▶ Source records:
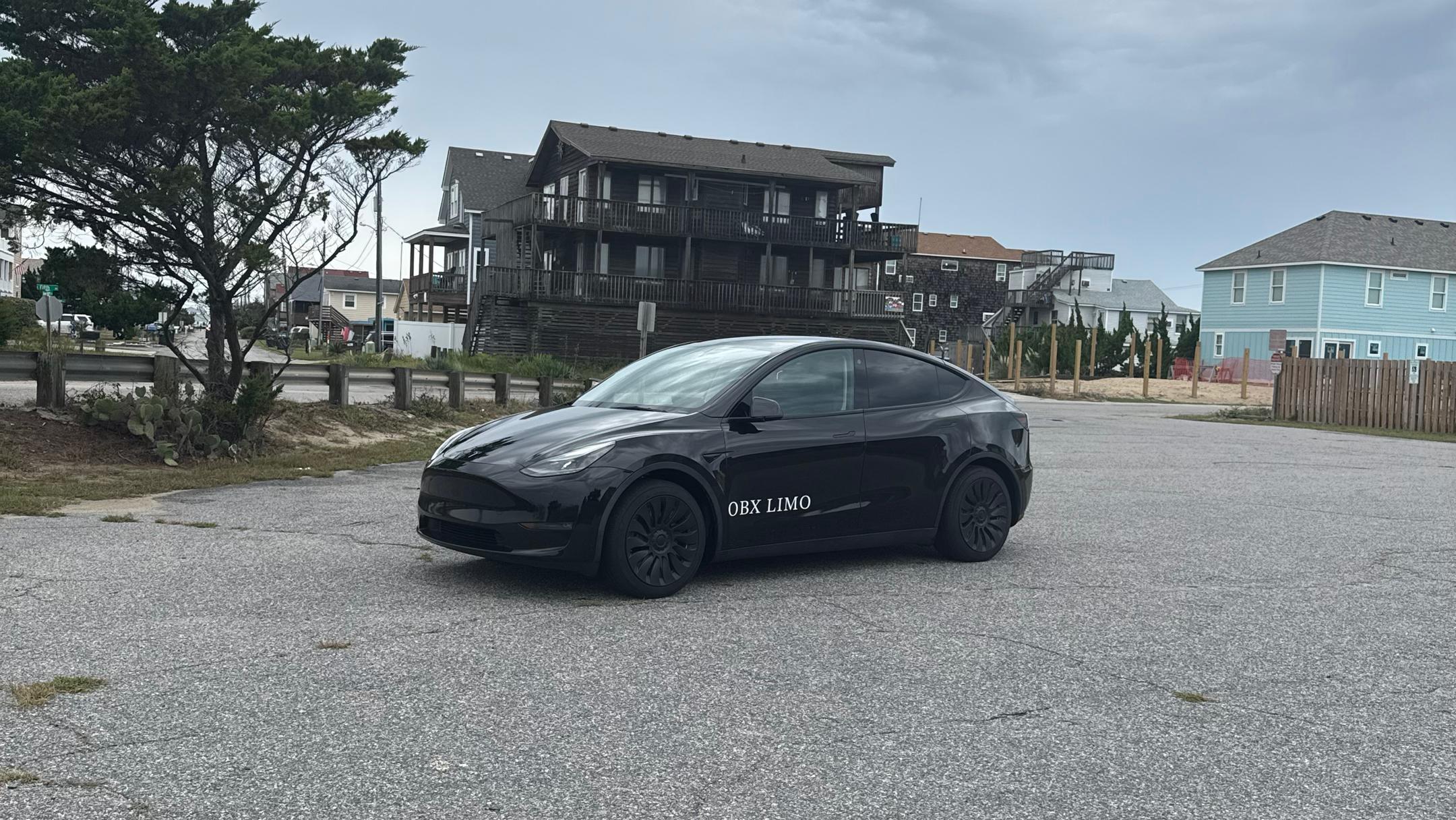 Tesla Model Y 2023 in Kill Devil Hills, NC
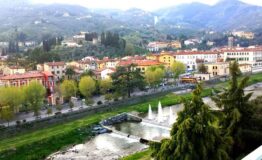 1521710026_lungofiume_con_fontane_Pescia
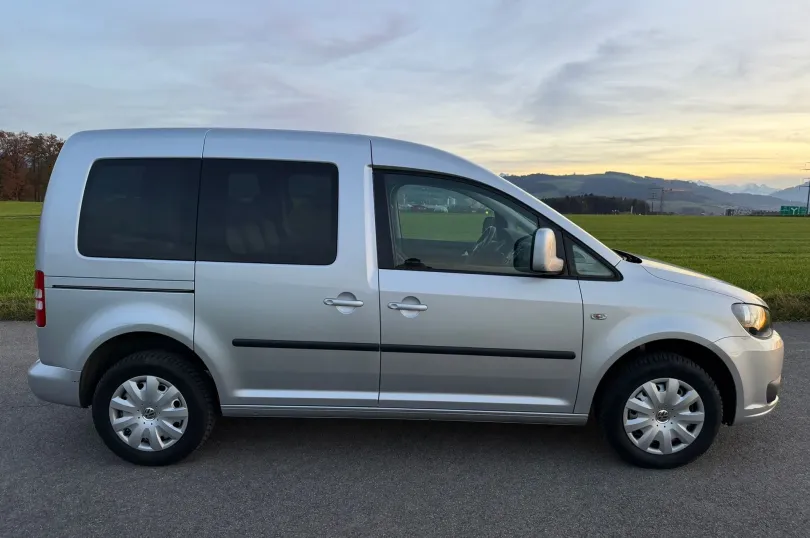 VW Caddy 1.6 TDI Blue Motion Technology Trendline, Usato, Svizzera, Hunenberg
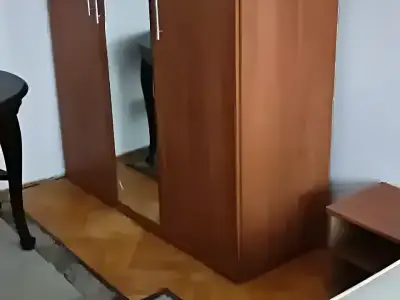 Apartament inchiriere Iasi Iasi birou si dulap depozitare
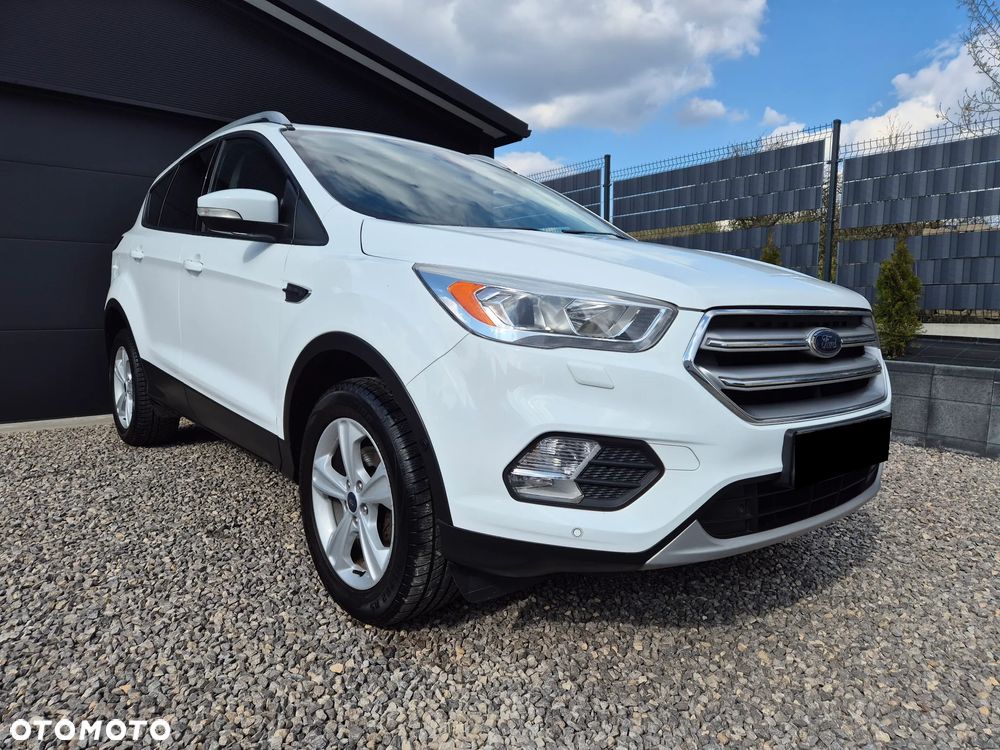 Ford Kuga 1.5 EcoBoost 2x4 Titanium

▶ YOUR INSTRUCTIONS:
Reproduce all entries without any change, and omit the pictures.

▶ WRITTEN RESPONSE:
 Tesla Model Y 2023 in Kill Devil Hills, NC
 1521710026_lungofiume_con_fontane_Pescia
 VW Caddy 1.6 TDI Blue Motion Technology Trendline, Usato, Svizzera, Hunenberg
 Apartament inchiriere Iasi Iasi birou si dulap depozitare
 Ford Kuga 1.5 EcoBoost 2x4 Titanium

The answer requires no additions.